Normally, avian influenza viruses do not infect humans, with the exception of the highly pathogenic H5N1 strains. However, the H7N9 virus has so far infected at least 132 humans, killing more than 20 percent of those infected, and several instances of human-to-human infection are suspected.
The new study suggests that the ability of the H7N9 virus to infect and replicate in human cells may be due to just a few amino acid changes in the genetic sequence of the virus. "These two features are necessary, although not sufficient, to cause a pandemic," says Kawaoka, explaining that the influenza virus depends on host cells, which it hijacks to make new virus particles and sustain the chain of infection.

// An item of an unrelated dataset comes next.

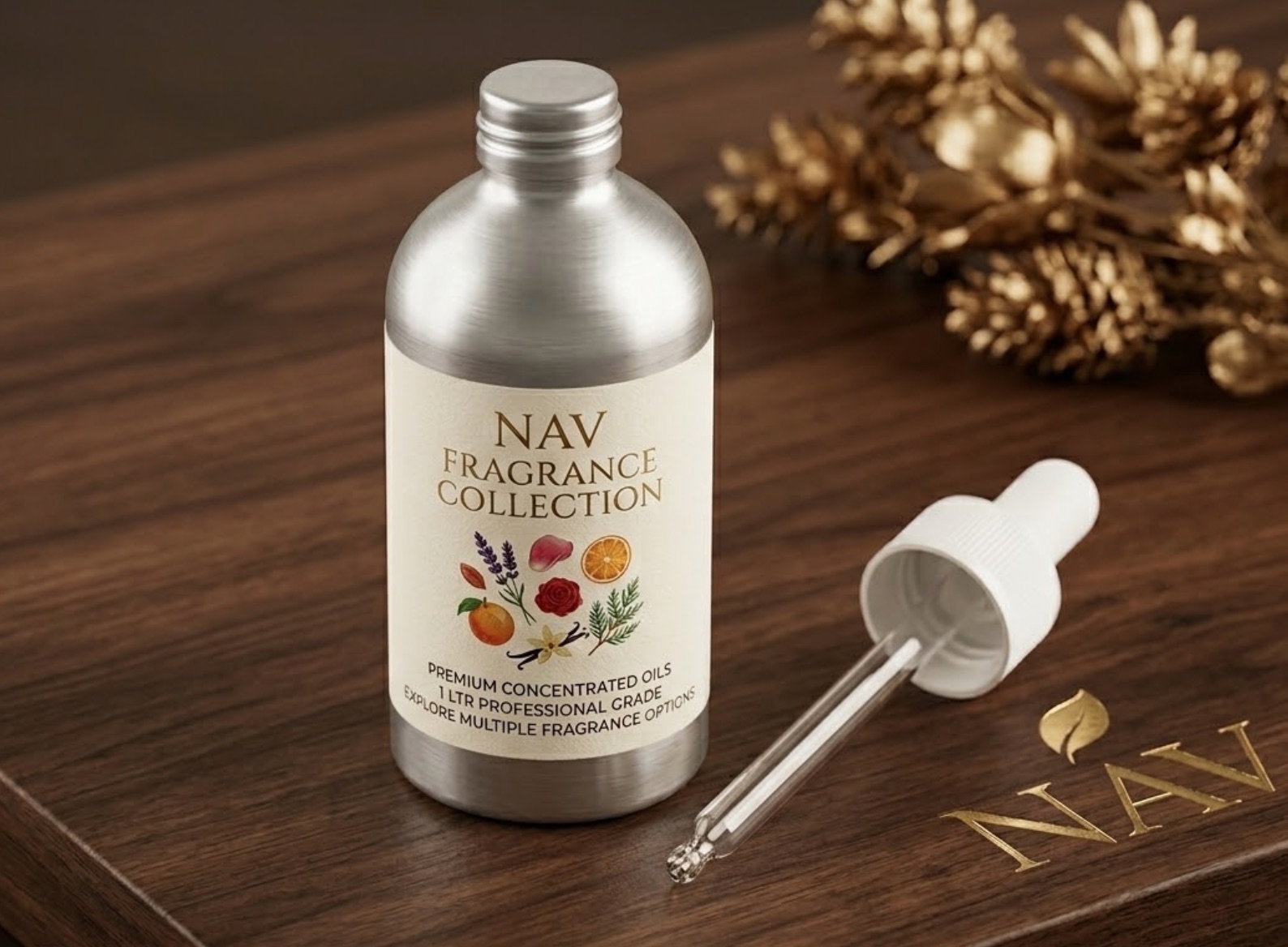 NAV Premium Concentrated Fragrance Oil – High Potency Scents for Candle Making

In monkeys, the H7N9 virus was shown to efficiently infect cells in both the upper and lower respiratory tract. Conventional human flu viruses are typically restricted to the upper airway of infected nonhuman primates.
"If H7N9 viruses acquire the ability to transmit efficiently from person to person, a worldwide outbreak is almost certain since humans lack protective immune responses to these types of viruses," according to Kawaoka.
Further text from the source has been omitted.